“Maggie’s Plan” – New York City is known a “city that never sleeps.”   Since Maggie (Greta Gerwig) is a New Yorker and has 24 waking-hours per day at her disposal, she finds time for not one plan – as the film’s title suggests – but two.  Gerwig is experienced and so proficient at playing quirky, well-intentioned – but also a bit chaotic – urban dwellers, and see “Frances Ha” (2012) and “Mistress America” (2015) for a pair of prime examples.  She offers a similar performance here, except this time, her character, Maggie, is more mature and enjoys a fulfilling career.

She creates business plans for talented artists and teaches at a nearby college, and although monetary security is a non-issue, she does not believe that romantic security and children are in her future.  Maggie exclaims that men lose interest in her only after a few months, so her best chance to raise a child is not through a life partner but via artificial insemination, aka her first plan.   Now, I chose to ignore that Rebecca Miller’s film is numerically misnamed, because, namely, “Maggie’s Plan” owns eccentric charm.

The film – like a Woody Allen picture – invites the audience into the lives of some New York intellectuals whose biggest problem is their over or under analysis of their own relationships.   Miller introduces us to the aforementioned individuals, as they point out their partners’ shortcomings or grumble about living sans a spouse while also casually mentioning their background in art history or research in fictocriticism.

Maggie clearly is the most likable, as the others carry around their own personal gray clouds above their heads, but the very talented supporting players – including Ethan Hawke, Julianne Moore, Bill Hader, and Maya Rudolph – balance their characters’ semi-gloom-and-doom with amusing subtleties.   Moore steals nearly every scene as Georgette, a self-absorbed professor with a thick Danish accent.  Others – including her husband John (Hawke) – demonize Georgette as an overly-pragmatic, unfeeling opportunist.   Once we finally see her on-screen, she certainly possesses these unflattering qualities, but Moore skillfully delivers them with welcoming, comedic charm while also generating some surprising sympathy for her character.

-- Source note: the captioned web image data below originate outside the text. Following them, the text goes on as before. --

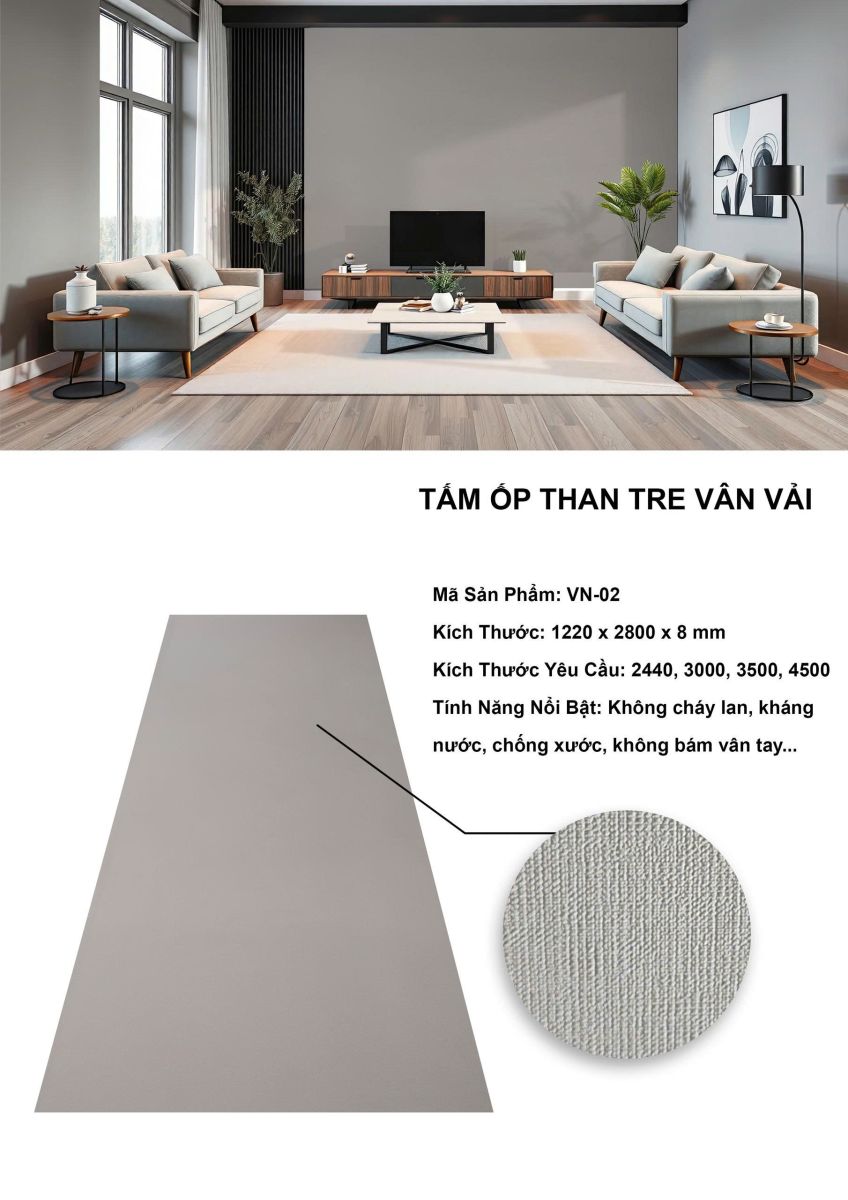 Tấm Ốp Than Tre Vân Vải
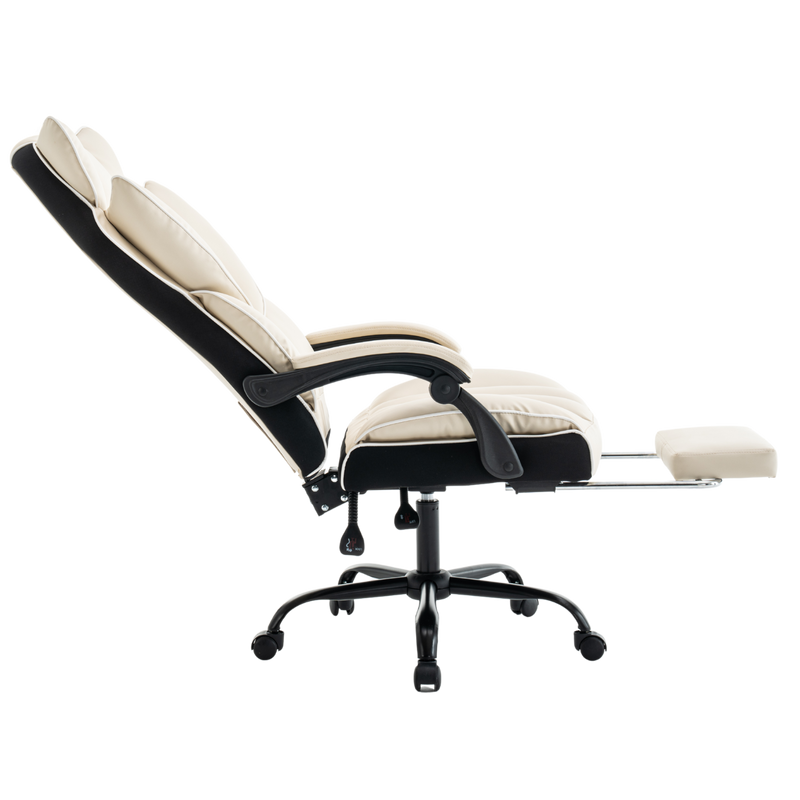 Fotel biurowy ergonomiczny obrotowy krzesło z podnóżkiem beżowo-biały Premium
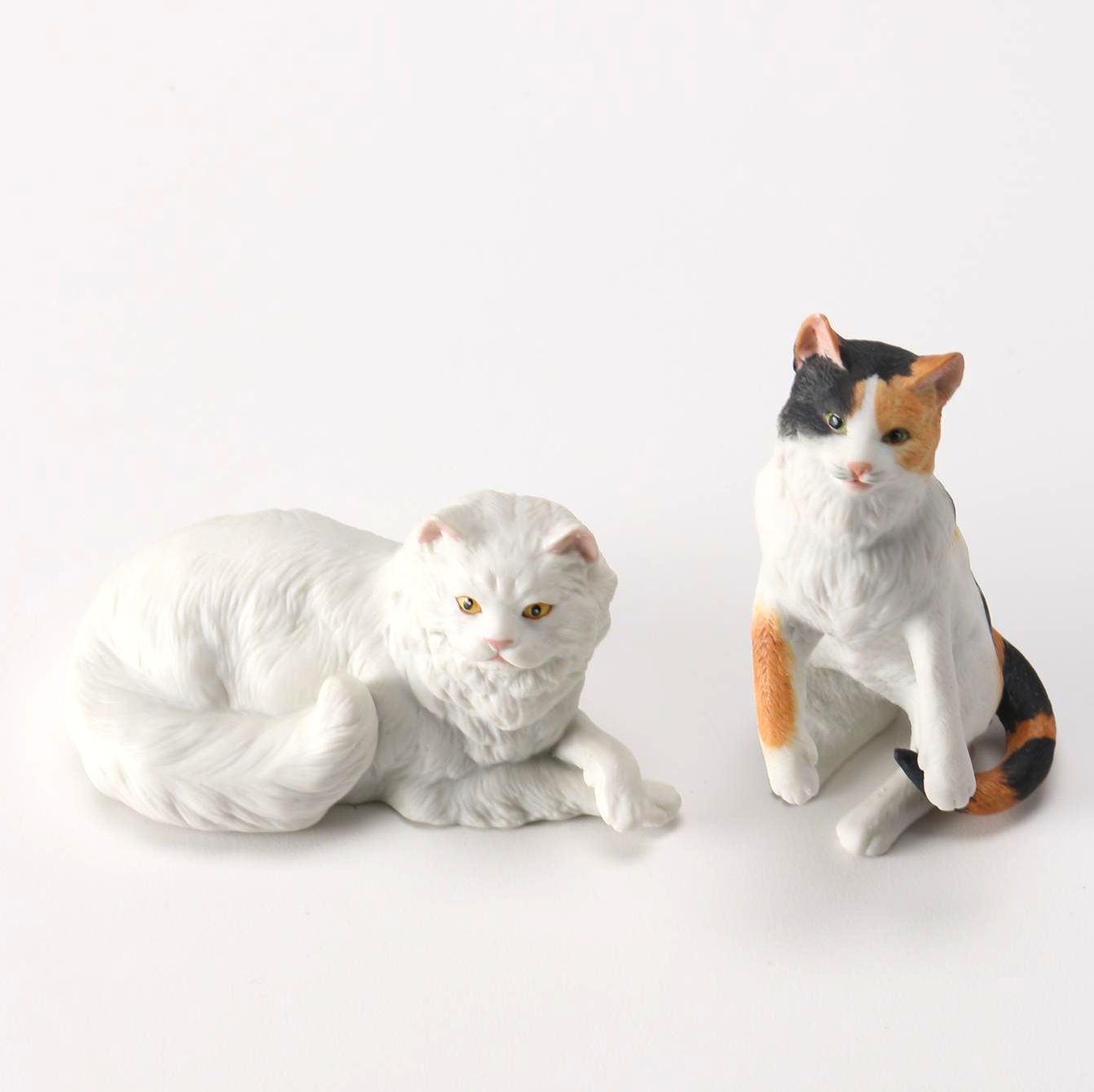 Lenox Porcelain Cats "White Persian" and "Calico Classical"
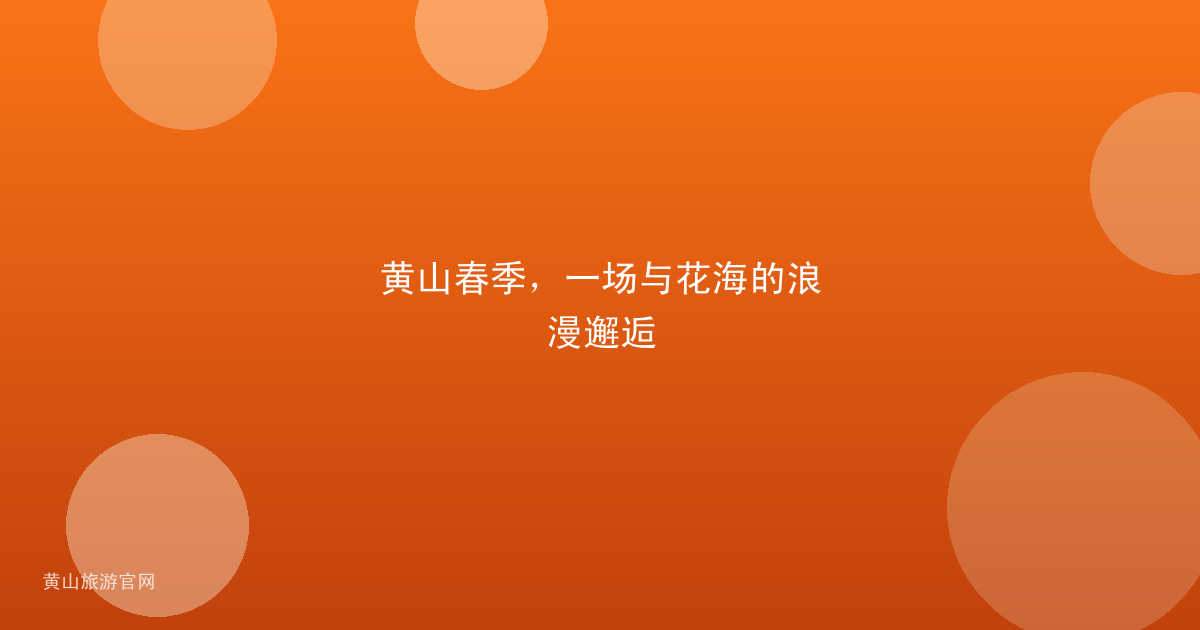 黄山春季，一场与花海的浪漫邂逅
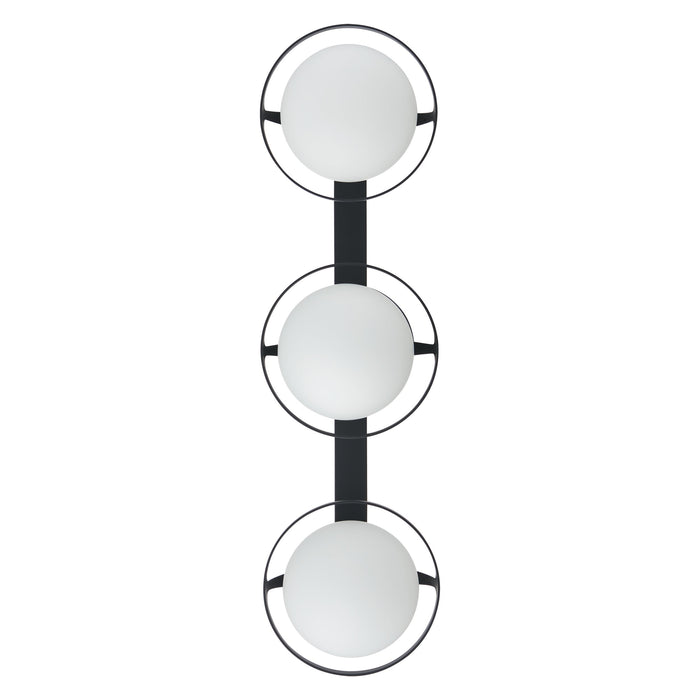 Vanity Light Thesis 206973A Parker 24 inch 3 light Matte Black Vanity Light with Etched Opal Glass Shades THESIS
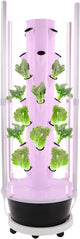 Hydroponic Growing System, 28-Plant Vegetable Planter Tower with LED Light, Outdoor Indoor Garden Vertical Planter Germination Kit with Water Pump, Intelligent Water Circulation & Timer Function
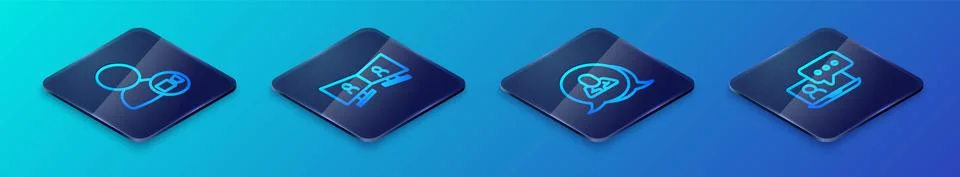 Set Isometric line Speech bubble chat, Video conference, and icon. Vector Stock Illustration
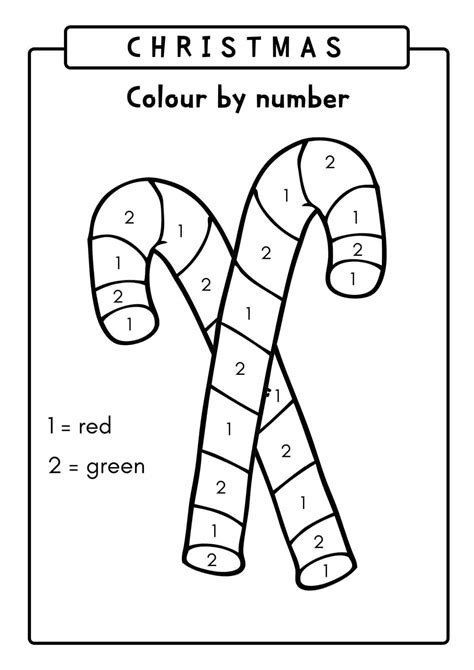 Candy Cane Color by Number - ColoringbyNumber.Com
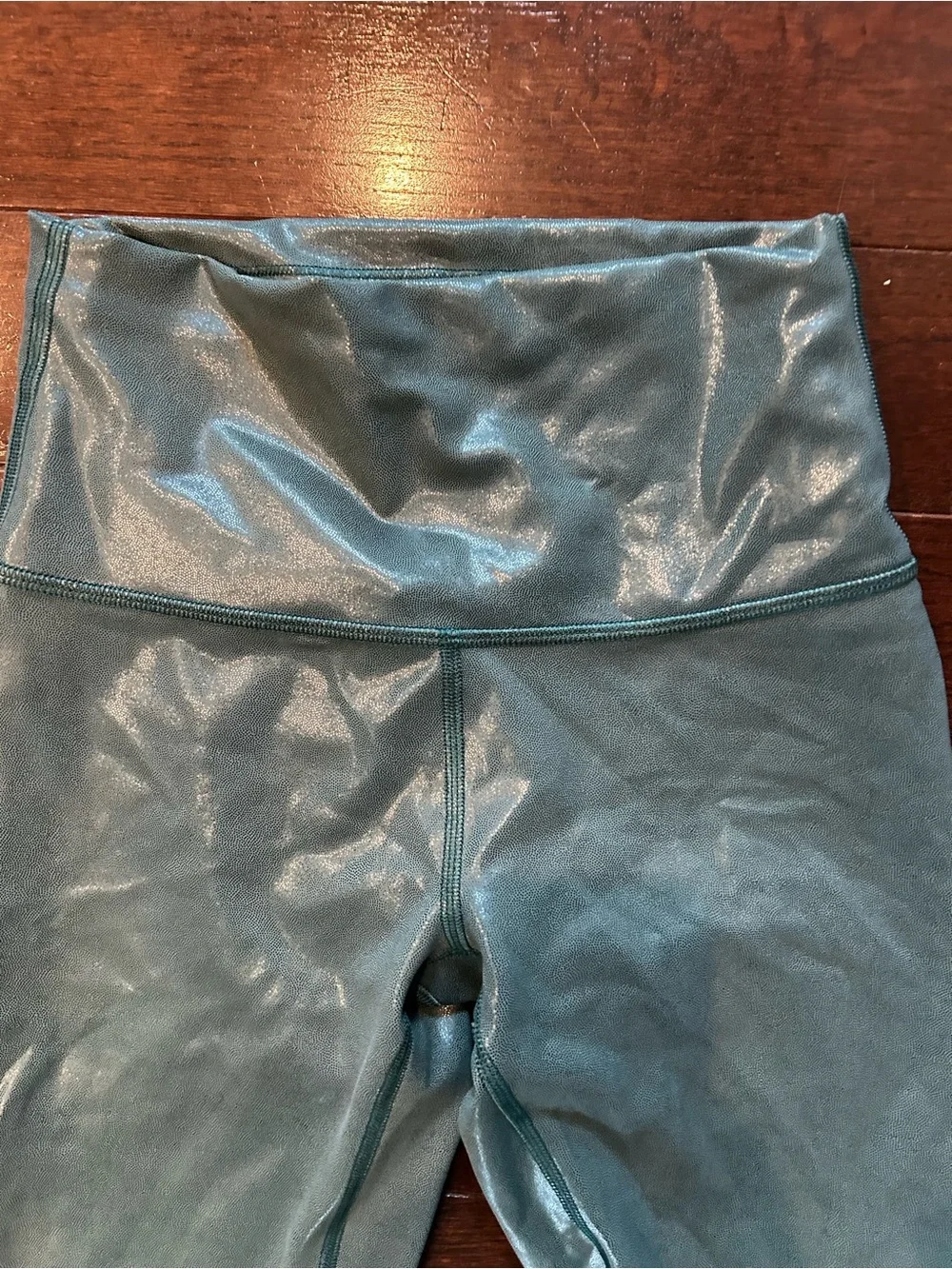 lululemon athletica metallic wunder under 25” Teal High-Rise Leggings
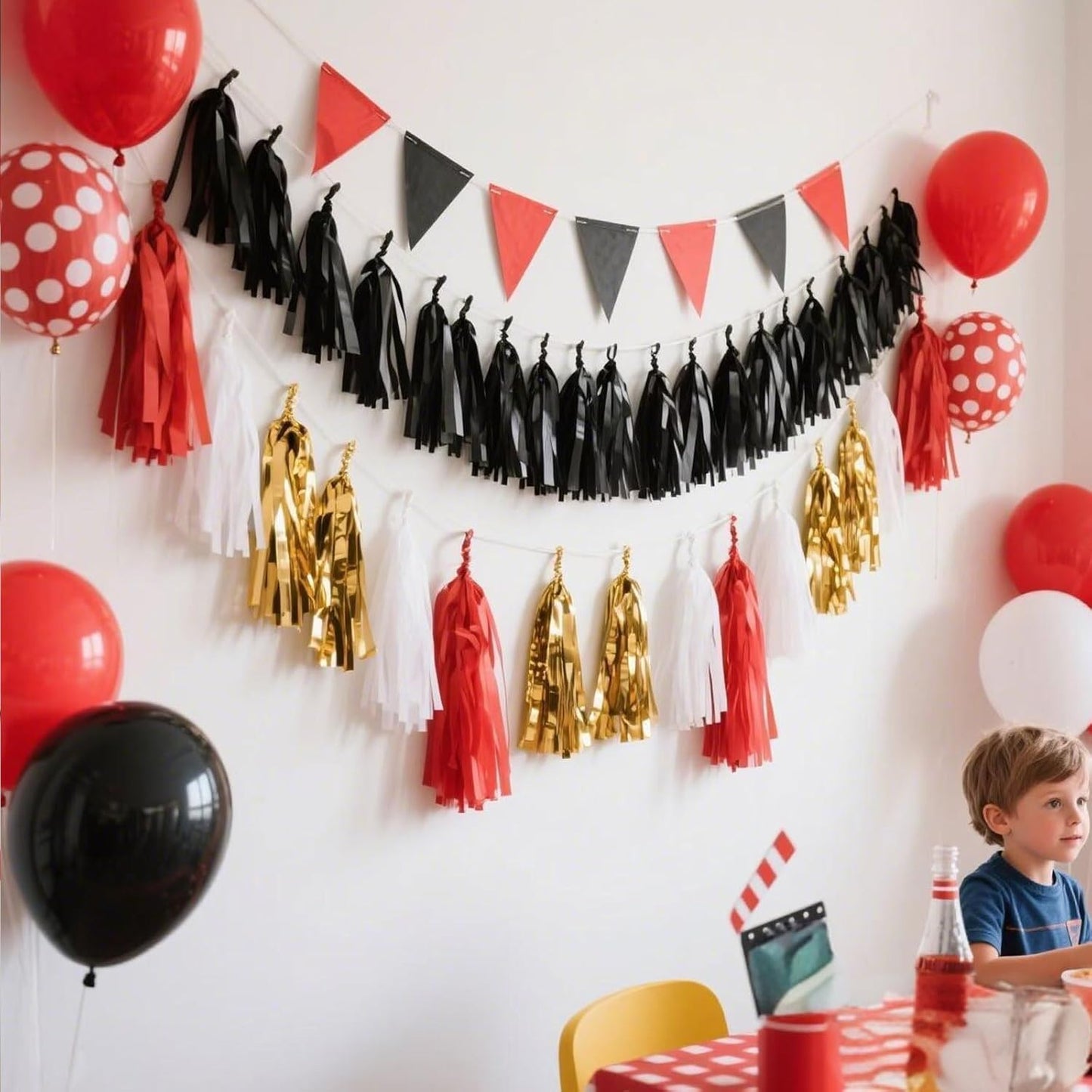 Tassel Garland Tissue Paper Tassel Banner,Tassels Party Decorations for Wedding,Birthday,Bridal/Baby Shower,Pack of 15 (Burgundy/Black/Silver)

Maggie elicits sympathy too.  As she makes headway with her first plan, she unexpectedly falls in love as well, and as the collective-they say, “the best-laid plans of mice and men often go awry.”   Hence, Maggie dreams up a second plan to untangle her way out of her first.   Gerwig owns the cinematic chops to carry the film’s narrative to a logical conclusion, but while watching “Maggie’s Plan”, it is nearly impossible to not compare her character to her work in the previously-mentioned New York City comedies.

In “Frances Ha” and “Mistress America”, her characters make clumsy mistakes, but they bounce back with youthful exuberance while simultaneously processing their miscalculations.  Here, Maggie is also aware of her missteps but is more victimized, in an emotional and neglectful way.  Gerwig makes it a breeze to root for Maggie, but we, the audience, comply under a more concerning eye, and these emotions bruise the comedic tone into something more subjugated.

Luckily, the second half of picture takes a major turn towards John and Georgette, which smartly diverts from Maggie’s romantic difficulties and the somewhat heavier spirit.  On the other hand, this change also meanders, and the movie ends up feeling like two hours when its actual runtime is just 98 minutes.

Although the excitement admittedly wanes at times, Moore, Gerwig and the rest of the cast hold our attention towards this small group of New Yorkers.  Maybe their lives would be better served if the city garnered at least a couple hours of “figurative sleep” each night.  Well, sleep or no sleep, as we all know, issues of the heart are universal.